Psittacosaurus was a bipedal dinosaur that lived during the beginning of the Cretaceous period. Fossils found in Mongolia and China of the horned dinosaur date from 100 million to 122 million years ago. Psittacosaurus measured almost 7 feet long and was noteworthy for its high and narrow skull with a parrot-like beak. Paleontologists have also found on the same Psittacosaurus fossil a dinosaur cloaca and countershading camouflage, Gizmodo reports.
Researchers imaged the elusive belly button with Laser-Stimulated Fluorescence (LSF), an imaging technique. They used a modified version of LSF, developed in part by Michael Pittman, a vertebrae paleontologist at the University of Hong Kong and coauthor of the study with Thomas G. Kaye, a paleontologist at Foundation for Scientific Advancement. The modified imaging method increases laser intensity in previously established laser imaging techniques without damaging specimens, allowing fine details to be seen in fossils that otherwise would go unseen, Gizmodo reports.
The Psittacosaurus specimen with the belly button was unearthed in 2002 in China, found lying on its back. Using LSF, the team could analyze each scale, wrinkle and pattern etched on the preserved fossil. “LSF brings out the detail in spectacular fashion,” Phil Bell, a dinosaur paleontologist involved with the study, tells Gizmodo. “It really looks as though the animal could get up and walk away. You can see every little wrinkle and bump in the skin. It looks so fresh. Imagining these animals as living, breathing entities, rather than just dead skeletons, is what fascinates me. Bringing them to life is one of the major goals of my work.”
The team was able to image the umbilical scar, which had faded over time, by seeing a change in the pattern of skin and scales where the dino’s belly button would be. They also determined that the scar was not from a healed injury because the umbilical scales were smooth and arranged along the midline of the dinosaur. If the scar were an injury, it would have displayed regenerative tissue that could cut through and be inconsistent with the scale pattern.

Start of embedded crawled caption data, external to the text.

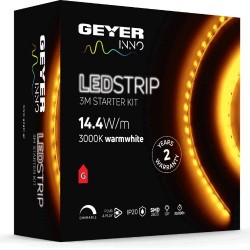 Ταινία Led 7.2w/m 3000K - Blister Kit - 3Μέτρα - IP20 Με τροφοδοτικό 12V DC - 139244 - Geyer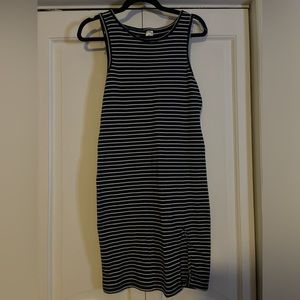 Navy blue and white stripe dress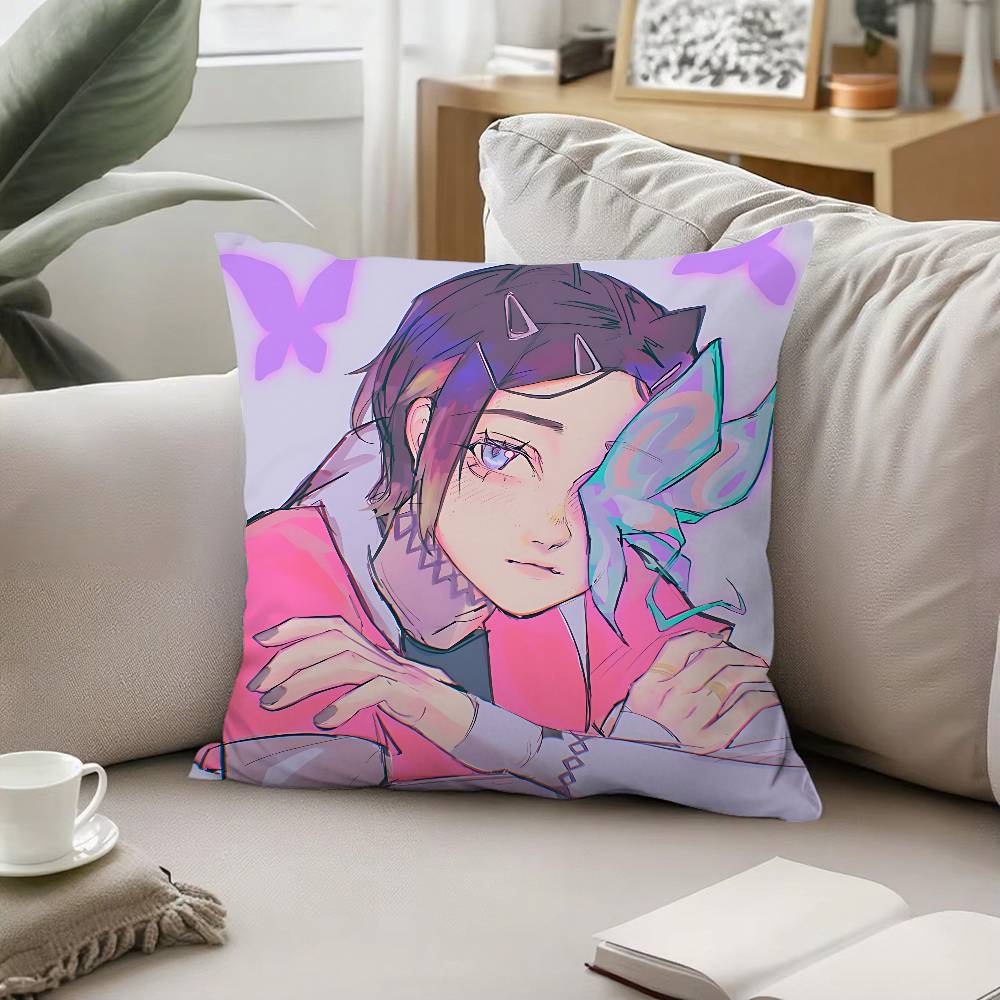 Cute C-Clove V-ValorantS Throw Pillow Covers Pattern Cushion Cover Suitable For Sofa Bedroom Car Pillow Cover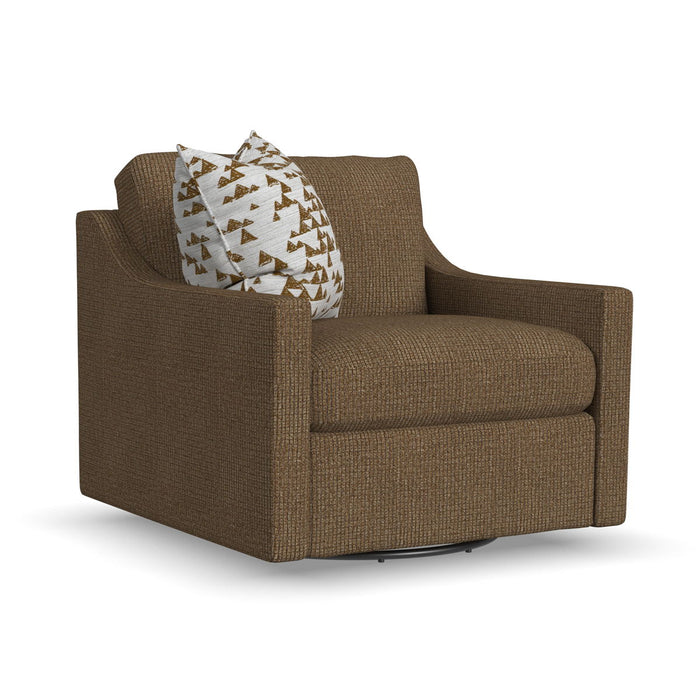 Sky - Stationary Swivel Chair - Dark Brown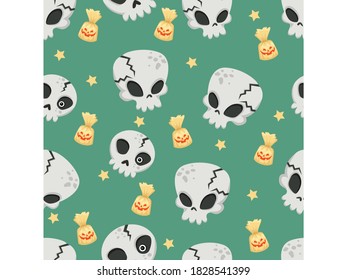 Halloween seamless pattern skulls. Cartoon characters halloween illustration. Vector pattern for paper background vector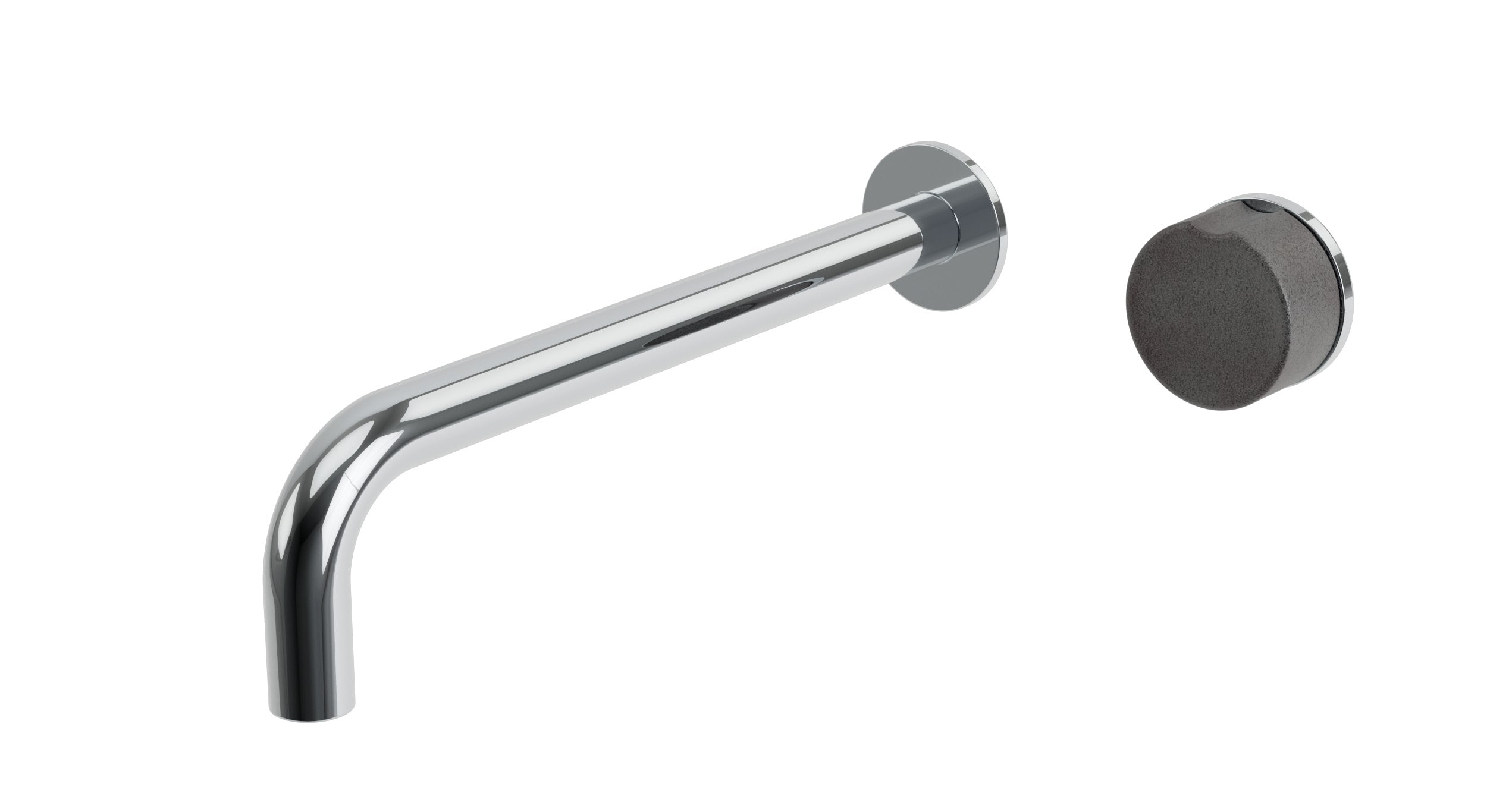 Foundry One Handle Wall Mount 10" Lavatory Faucet with Groove Ceramic Knob Handle in Polished Chrome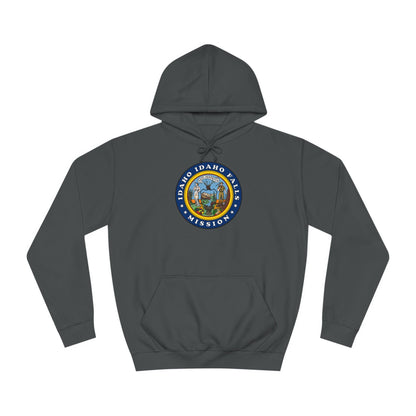 Idaho Idaho Falls Mission State Flag Logo (Black Border) College Hoodie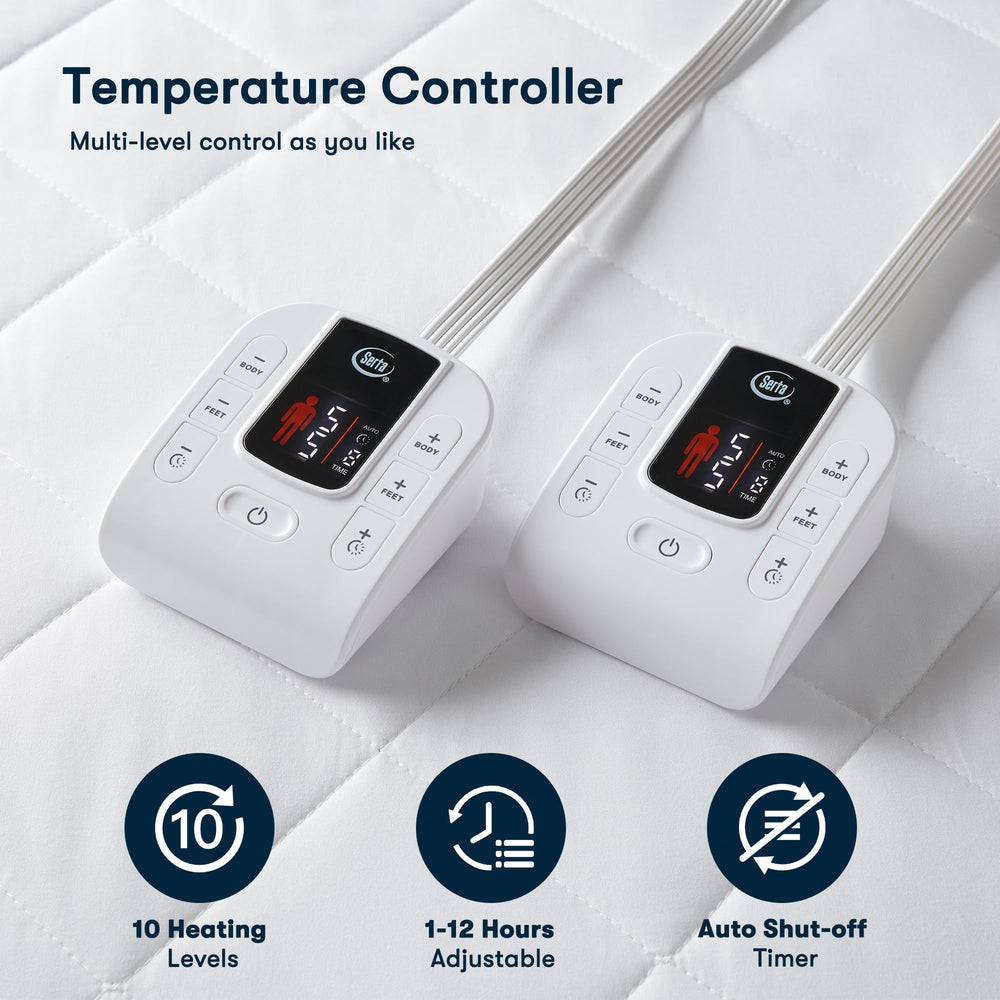 Serta zoom zone pieds démontrant chaleur ciblée pour pieds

To determine the age of the fossil, the team measured the length and growth of its femur and found that the specimen was nearing sexual maturity at six to seven years old, per Gizmodo.
Scientists had long speculated that egg-laying dinosaurs would have an umbilical scar, but this study is the first to find evidence of one, Science Alert reports. The researchers note that while a scar was found in this specimen, it may not have been present in all non-avian dinosaurs.